Football power by 2050? China dream totters on shaky foundations

FOOTBALL: Five years ago, China under President Xi Jinping pledged to become a football power by 2050. But the financial collapse of the newly crowned Chinese champions raises fresh questions over that lofty goal.

FootballWorld-Cup
By AFP

Tuesday 2 March 2021, 04:05PM


Jiangsu FC on Sunday (Feb 28) said they had ceased operations – just three months after winning the Chinese Super League. Photo: AFP.

Jiangsu FC on Sunday (Feb 28) said they had ceased operations – just three months after winning the Chinese Super League. Photo: AFP.

On Sunday (Feb 28) Jiangsu FC said they had “ceased operations” – just three months after winning the Chinese Super League – in a move described as “shocking” by state media.
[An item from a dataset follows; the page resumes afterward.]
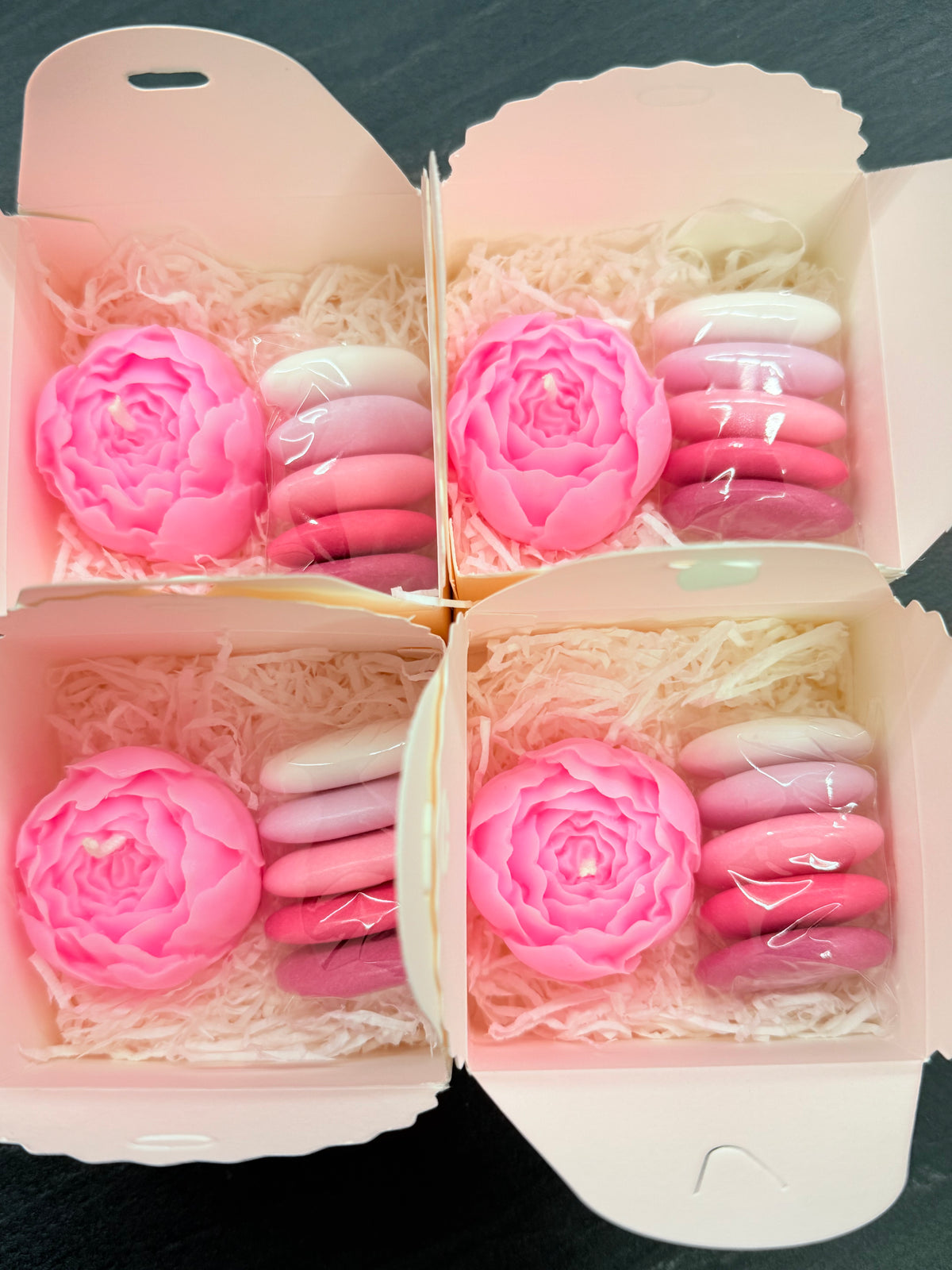 Candela bocciolo di peonia inodore con scatola, confetti e tag personalizzato – bomboniera per battesimo e nascita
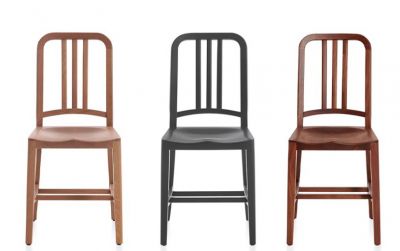 Drei Navy Wood Chairs Holzstühle von Emeco in Walnuss und anderen Holzfarben.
After rushing in to curry favour with Xi and the Communist Party, burnt investors are retreating again and last year 16 teams pulled out of Chinese football. More are set to follow.

It is a far cry from when the Super League broke the Asian transfer record five times in less than a year, culminating in Chelsea midfielder Oscar joining Shanghai SIPG for 60 million euros (B2.2 billion) in January 2017.

Argentine striker Carlos Tevez was lured by Shanghai Shenhua in the same transfer window on reported wages of 730,000 euros a week, the highest in the world.

But state-run Xinhua news agency said this week that soaring salaries and transfer fees, as clubs vied to outspend each other, had created “a bubble” that is now bursting.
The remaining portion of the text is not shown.